F Accuracy-recovery adapters ablation F Accuracy 恢复适配器消融
In this section, we present the evaluation results on unquantized, quantized, and accuracy-recovered models. As shown in Table 10, the quantized models have huge quality drops in both pre-train and post-train metrics. By using accuracy-recovery LoRA adapters with only rank 16, Alpaca win rate can be improved by , GMS 8 K accuracy is boosted by . The recovered models perform much closer to the original unquantized model while achieving significant reductions on the model size. More interestingly, we observe that when the quantization scheme becomes more aggressive (from 3.7 to 3.5 bpw ), the adapters also recover more quality back. 在本节中,我们将介绍无量化、量化和准确度恢复模型的评估结果。如表 10 所示,量化模型在预训练和后训练指标中都有巨大的质量下降。通过使用仅 rank 16 的准确度恢复 LoRA 适配器,Alpaca 胜率可以提高 ,GMS 8 K 准确度提高 。恢复模型的性能与原始无量化模型相差很小,同时也实现了模型尺寸的显著减小。更有趣的是,我们观察到当量化方案变得更加激进(从 3.7 bpw 到 3.5 bpw)时,适配器也能更好地恢复质量。
BPW
Models 模型
IFEval Instruction-Level IFEval 指令级
AlpacaEval 2.0 LC 阿尔帕卡评估 2.0 LC
GSM8K (8-shot CoT) GSM8K(8 轮 CoT)
AFM-on-device 原子力显微镜设备
quantized 量子化的
Acc.-recovered (rank 16) 恢复 (排名 16)
quantized 量子化的
Acc.-recovered (rank 16) 恢复 (排名 16)
Table 10: Evaluation results for quantized and accuracy-recovered models. Numbers are normalized to the unquantized version. 表 10:量化和精度恢复模型的评估结果。数字是根据未量化版本进行归一化的。
In scaling law experiments we find that Param (simple) stabilizes the optimal learning rate as model size increases, although extrapolating to very significantly deeper and/or larger models does exhibit a slight left-shift beyond what is accounted for. 在缩放定律实验中,我们发现 Param (simple) 可以稳定模型增大时的最佳学习率,尽管向更深和/或更大的模型外推时会出现略微的左移,超出了所预计的范围。

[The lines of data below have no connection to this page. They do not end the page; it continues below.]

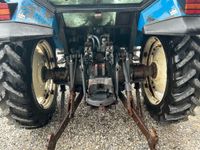 New Holland 7840 SLE turbo - Traktorer - Traktorer 4 wd - 12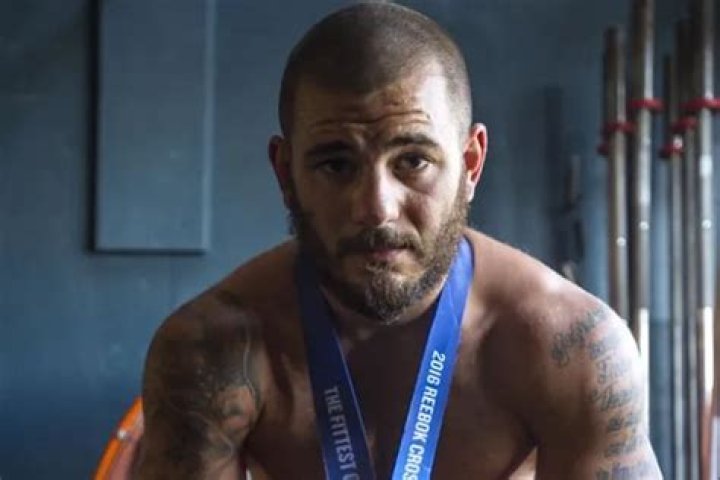 Here Are The Photos Of Mat Fraser’s Tattoos Along With Their Meaning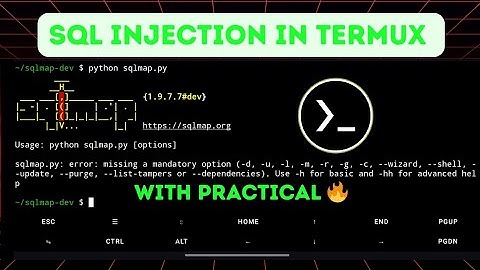 ✅ SQL Injection Explained with Live Practical | What is SQL & Database? | Ethical Hacking Tutorial 🔥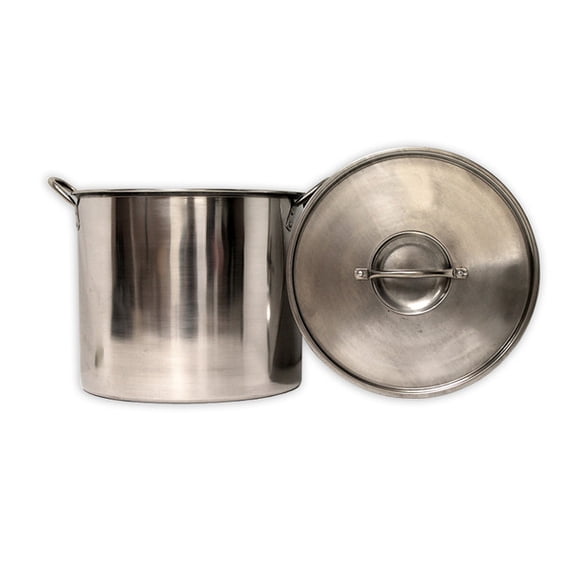 LD Carlson Eco Boiling Pot 20 Quart w/Lid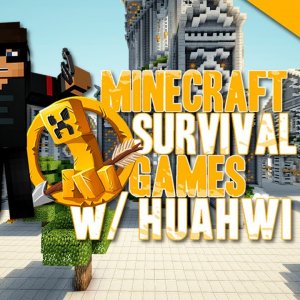 Minecraft Survival Games #69: Upload Schedule.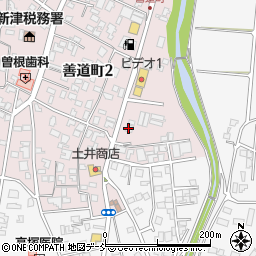 佐藤造機株式会社周辺の地図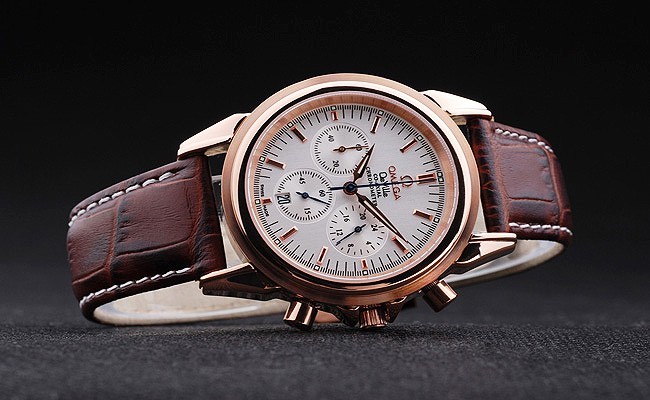 Omega Deville meilleure qualité Replique Montre 4405-1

A prompt may consist of the most recent user instruction as well as all previous usermodel-system interactions. 提示可能包含最近一次用户指令以及所有先前的用户-模型交互。

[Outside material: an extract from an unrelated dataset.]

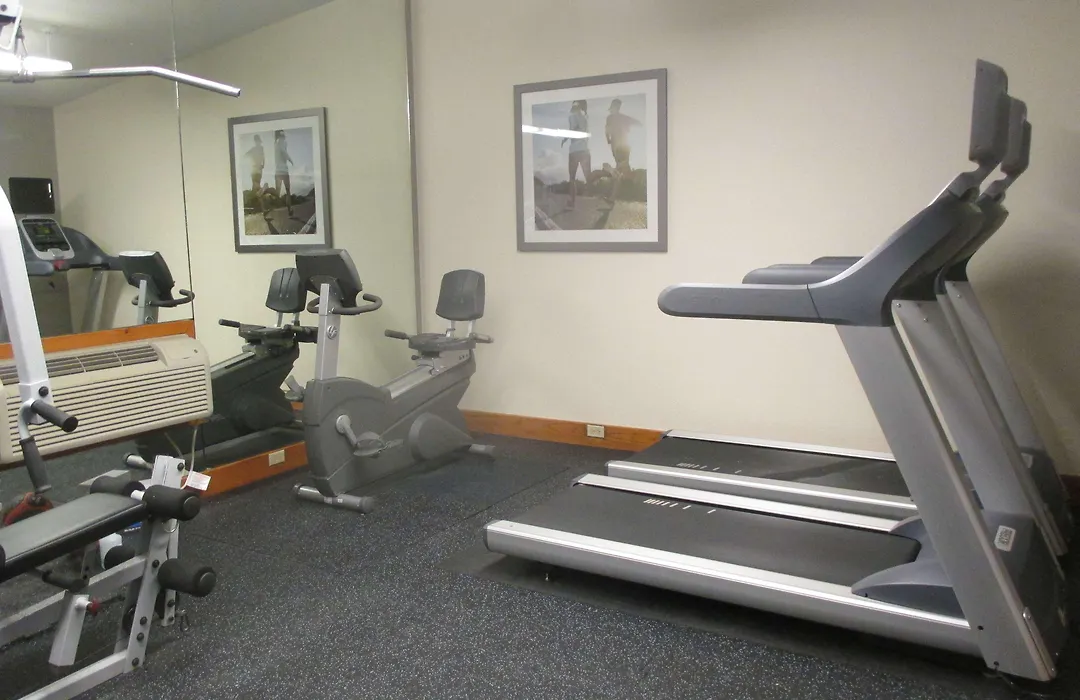 Best Western Benton Harbor - St. Joseph-1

We compared against the following model versions: gpt-3.5-turbo-0125, gpt-4-0125preview, Gemini-1.5-Pro-0514, DBRX Instruct, Phi-3-mini-4k-instruct, LLaMA 38 B Instruct, LLaMA 3 70B Instruct, Mistral-7B-Instruct-v0.2, Mixtral-8x22B-Instruct-v0.1, Gemma-1.12B, and Gemma-1.1-7B. 我们与以下型号版本进行了比较:gpt-3.5-turbo-0125、gpt-4-0125preview、Gemini-1.5-Pro-0514、DBRX Instruct、Phi-3-mini-4k-instruct、LLaMA 38 B Instruct、LLaMA 3 70B Instruct、Mistral-7B-Instruct-v0.2、Mixtral-8x22B-Instruct-v0.1、Gemma-1.12B 和 Gemma-1.1-7B。
Due to the choice of using GPT-4 as judge, the score of GPT-4 Turbo can be overestimated. 由于选择使用 GPT-4 作为评判者,GPT-4 Turbo 的分数可能会被高估。